● **PROBLEM REQUIREMENTS**:
All lines from the one containing "Skoda Kamiq 130 Edition 1.0 TSI 115 CV" through the end of the material are to be given back exactly, without pictures.

● **INFORMATION PROVIDED**:

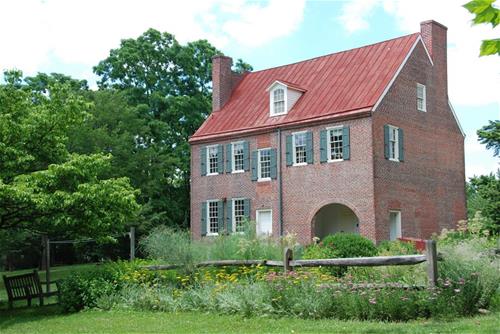 Historic Barclay Farmstead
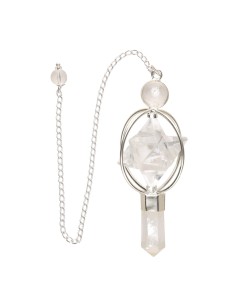 Quartz Pendulum with Quartz...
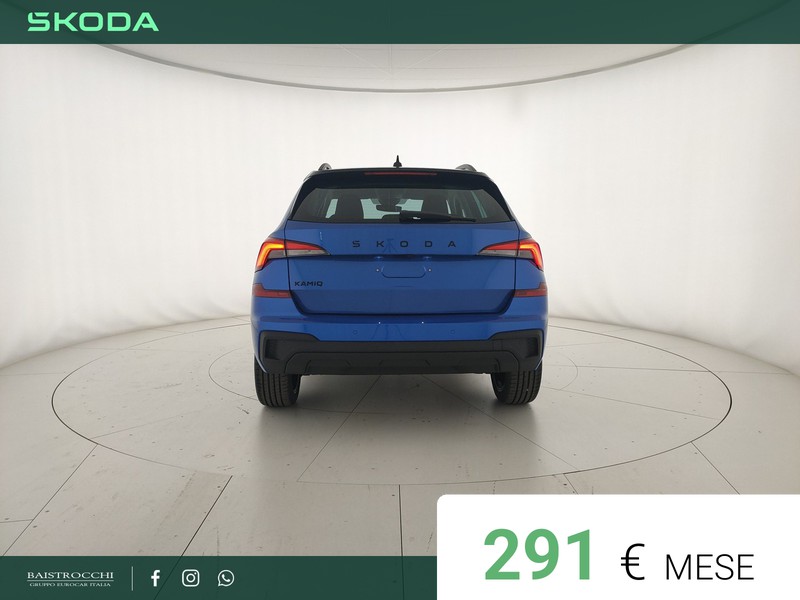 Skoda Kamiq 130 Edition 1.0 TSI 115 CV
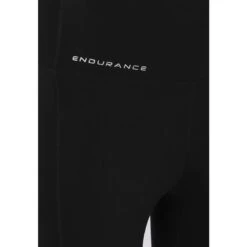 Endurance Laufhose Winter Thadea Tights Lang Schwarz Damen -LaufPro Verkäufe Endurance E223347 1001 thadea Tight204 1200x1200 1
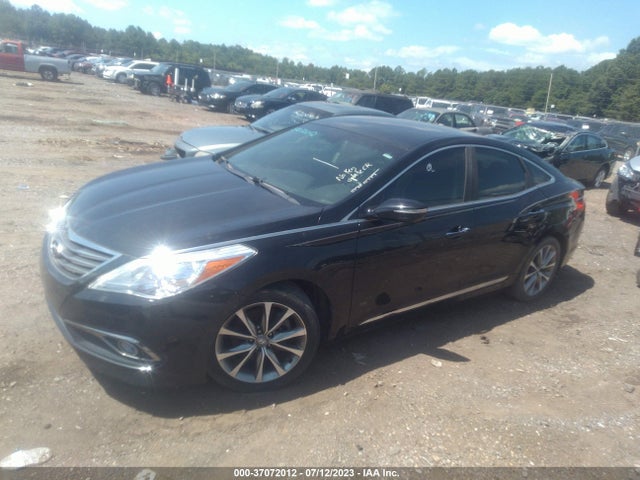 Hyundai AZERA 2017 KMHFG4JG1HA591403 Image 5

● **EXERCISE RESULT**:
 Skoda Kamiq 130 Edition 1.0 TSI 115 CV
 Endurance Laufhose Winter Thadea Tights Lang Schwarz Damen -LaufPro Verkäufe Endurance E223347 1001 thadea Tight204 1200x1200 1
 Hyundai AZERA 2017 KMHFG4JG1HA591403 Image 5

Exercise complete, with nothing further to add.